柳田氏:僕は、このクラチャレで生まれたリレーションシップや、自分たちがピッチで提案した内容である集大成を無駄にしないように、すさみ町で出会った方と一緒に実際に取組をスタートしています。具体的には、一緒にお茶漬けの開発をしていて、福島県西会津町という地域で関わっている生産者の方とも連携をしながら、すさみ町の魚から取ったダシと、西会津町のお米を使ってお茶漬けを作ったりしているんです。今後は、冷凍のパッケージを作って、ちゃんと物流に乗せられるぐらいのロットを作れるようにしたいと思っています。
そして、自分たちが考えた「クラチャレ拠点KCB」をここで終わらせないためにも、東京にいながら地域交流して他の地域の名産品も巻き込みながら、様々な地域課題の解決につながるような商品を生み出していけたらいいなと思っています。

自治体及び生産者さんと連携して開発したお茶漬け

―今後も多くの学生がクラチャレに参加していくと思いますが、そんな方々へ向けて、最後にメッセージをお願いします。

【インタビュー内容】
長谷川氏:「地方創生」や「インターンシップ」と聞くと難しそうに思うかもしれませんが、少しでもそういった分野に興味があったり、何かやってみたいという思いがあるなら、ぜひトライしてみて欲しいです。もちろん楽しいことだけではないと思いますが、本当に色々な体験がでるので、学生のうちにそういった体験ができるというのは貴重だと思います。

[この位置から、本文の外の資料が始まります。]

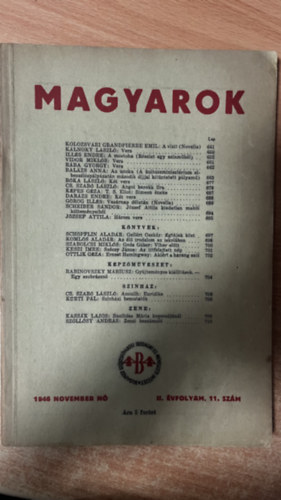 Juhász Géza (szerk.) - Magyarok 1946 november hó - II. évfolyam 11. szám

森氏:自分は、専攻している学部もそうですし、好きなことは詩や小説を執筆することなど、食や農という分野とは離れていたので、正直なところクラチャレの参加者として選ばれるとは思っていませんでした。クラチャレは、課題の提出や面接を経て、参加者を選考していくのですが、最初に出す課題では、食や農に遠いからこその視点として、ちょっと変わったことを書いてみたんです。その結果、自分のような別の視点を持っている人間を入れることで、良い反応が生まれるのではないかと期待して選んでくださったみたいなんです。何が言いたいかというと、地方創生に興味がある方はもちろんですが、これまで経験してこなかったことにチャレンジしたい人にも門戸は開らかれているということを伝えたいです。自分自身もとても貴重な経験をすることができたので、これまでにそういった経験がなく、参加への不安を感じる方には特にトライしてみてほしいです。

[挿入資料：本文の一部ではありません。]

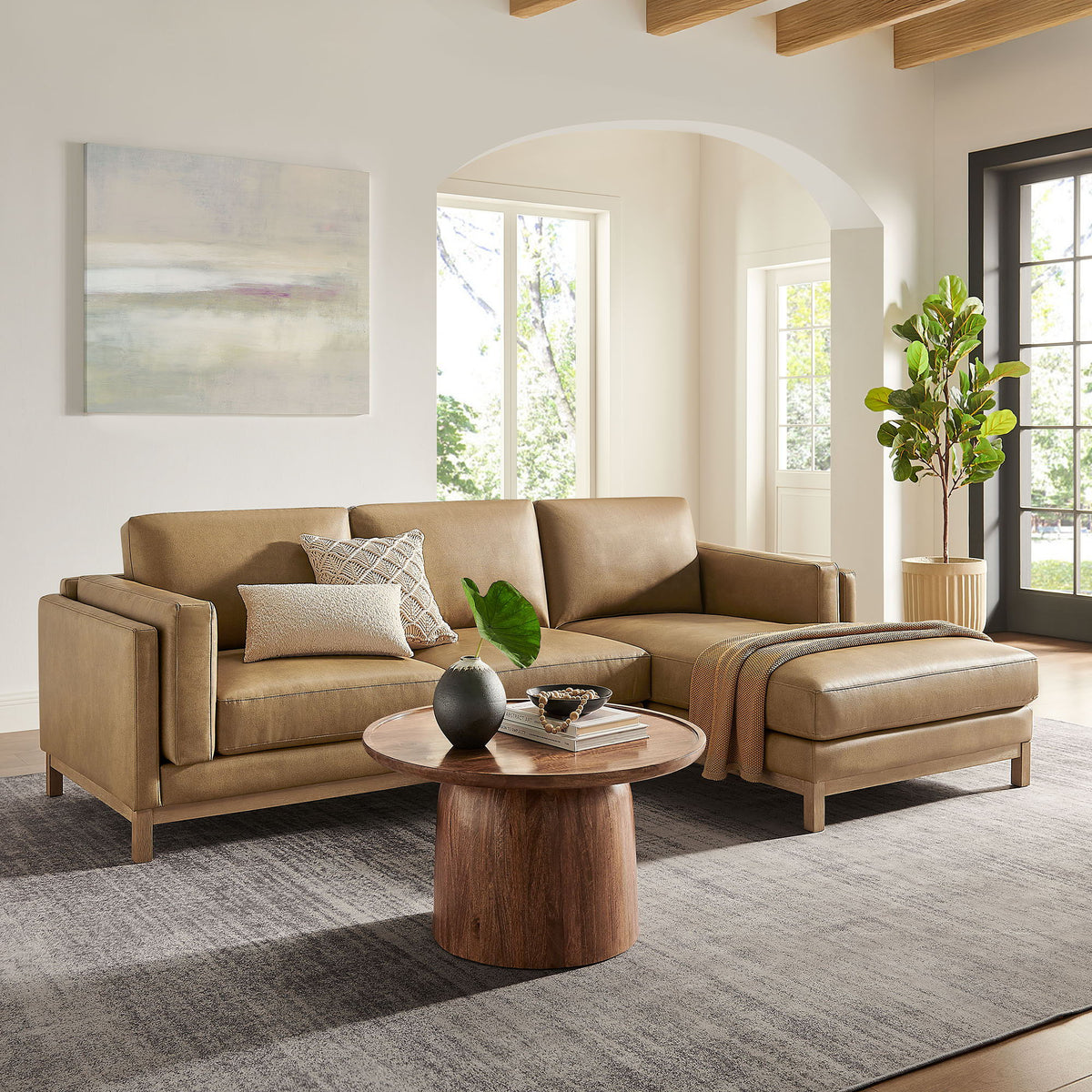 Roscoe Right-Facing Vegan Leather Sectional Sofa with Chaise by Modway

柳田氏:ここまでリアルな実践ができるインターンシップって、他にはないと思うんです。多くのインターンシップは、あくまで体験のみという印象ですが、クラチャレは、体験ではなく実践ができるインターンシップだと思います。自分が実際に農家、漁師になって1週間を過ごすっていうプログラムは他にはあまりないと思うんです。地域やその仕事をリアルに経験して、将来を考えるきっかけにしたいと思っている方には、ぜひ参加していただきたいですね。あとは、社会課題など同じような分野に興味がある方が多く参加され、一緒に様々なことを乗り越えるので、大学やこれまでの友達とは違った関係性の同期にも出会えるし、地域の方とのつながりも生まれるので、人生が豊かになるきっかけにもなるんじゃないかと思います。

各務氏:私は、今後社会人になるうえで、様々な視野を広げたいと思っている人に参加して欲しいです。農業とか漁業のリアルな現場や課題などを自分の目で見て、知ることができる機会って、あまりないと思いますし、その地域の方たちからもたくさんの刺激をいただきました。このような貴重な経験ができるインターンシップをぜひ活用してほしいと思います。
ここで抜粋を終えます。